[Opening DATASET CONTENT section]

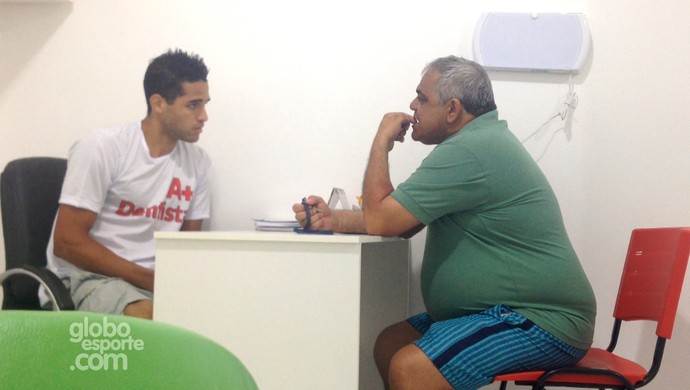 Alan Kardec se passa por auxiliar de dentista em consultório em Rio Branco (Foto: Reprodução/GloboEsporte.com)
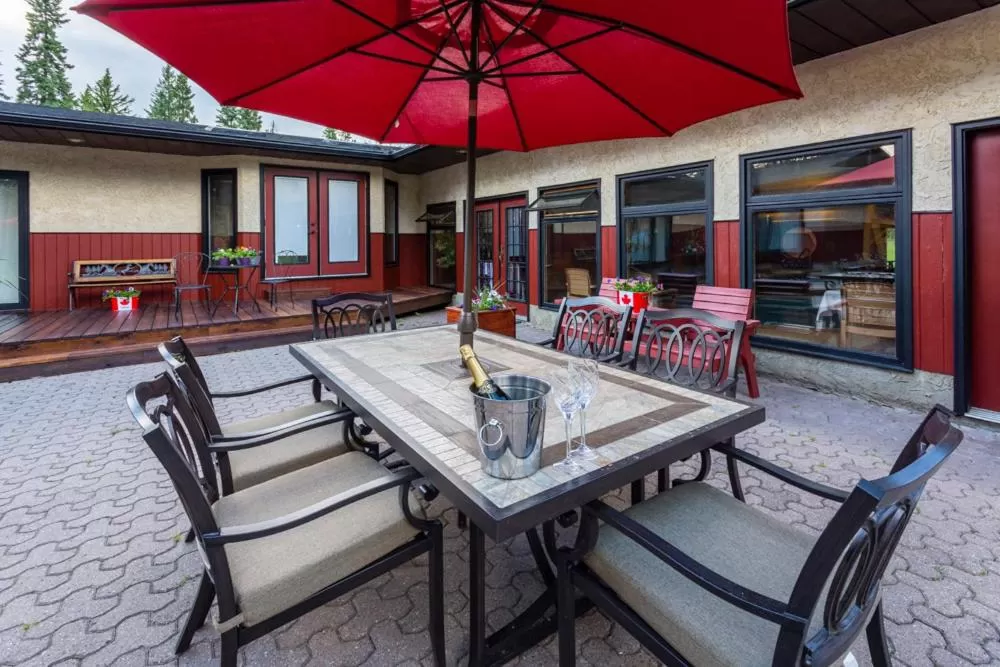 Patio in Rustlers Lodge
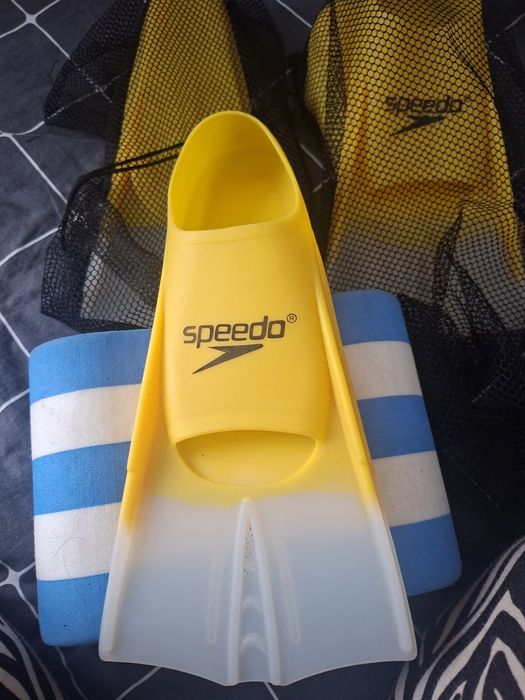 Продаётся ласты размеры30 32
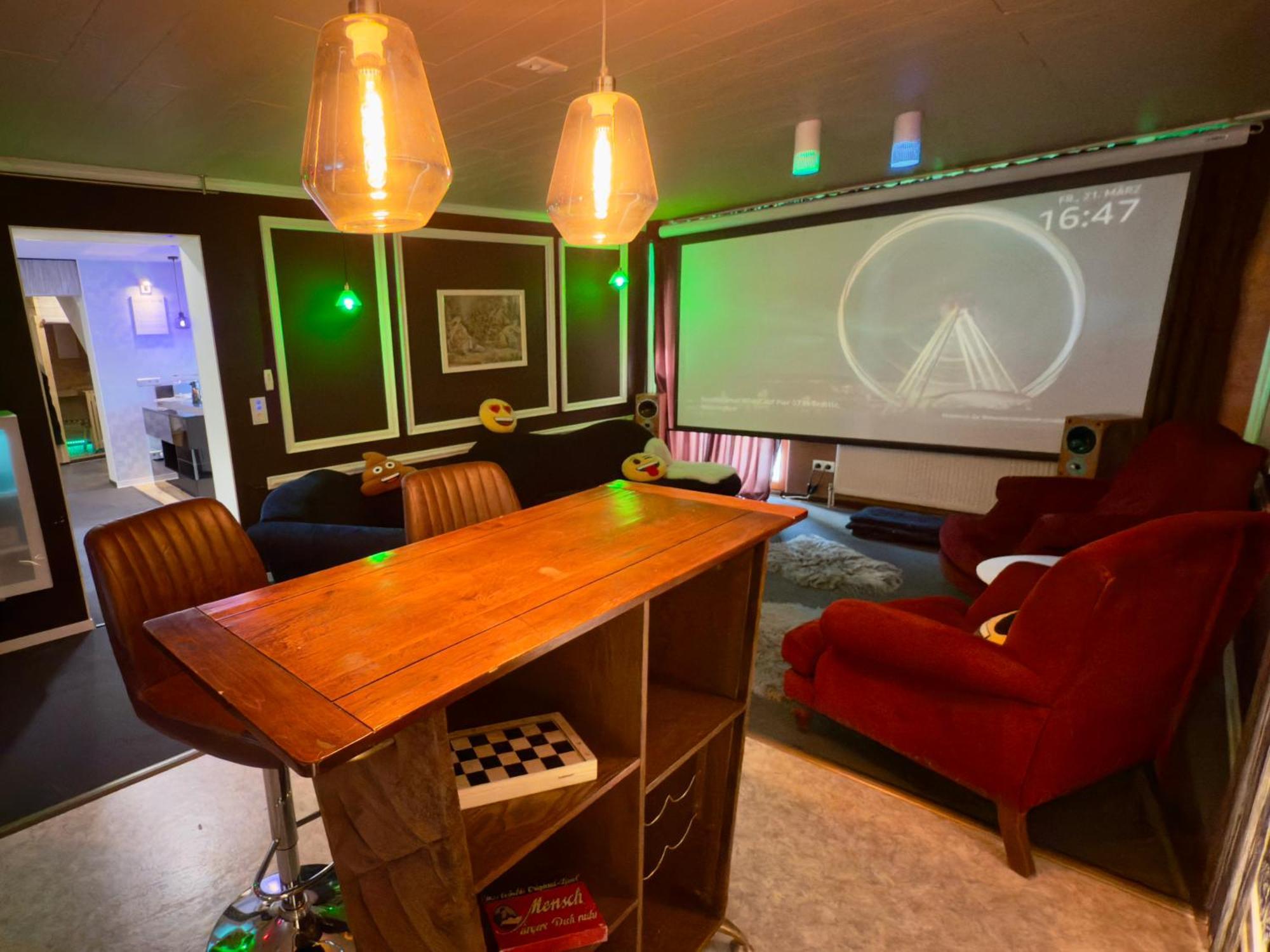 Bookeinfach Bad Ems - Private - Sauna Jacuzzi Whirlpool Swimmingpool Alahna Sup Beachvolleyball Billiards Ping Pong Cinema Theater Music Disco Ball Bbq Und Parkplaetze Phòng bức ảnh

[Closing DATASET CONTENT section]

◆ GOAL OF THE EXERCISE ◆
Leave every image out when you return the material above word for word.

◆ THE ANSWER ◆
 Alan Kardec se passa por auxiliar de dentista em consultório em Rio Branco (Foto: Reprodução/GloboEsporte.com)
 Patio in Rustlers Lodge
 Продаётся ласты размеры30 32
 Bookeinfach Bad Ems - Private - Sauna Jacuzzi Whirlpool Swimmingpool Alahna Sup Beachvolleyball Billiards Ping Pong Cinema Theater Music Disco Ball Bbq Und Parkplaetze Phòng bức ảnh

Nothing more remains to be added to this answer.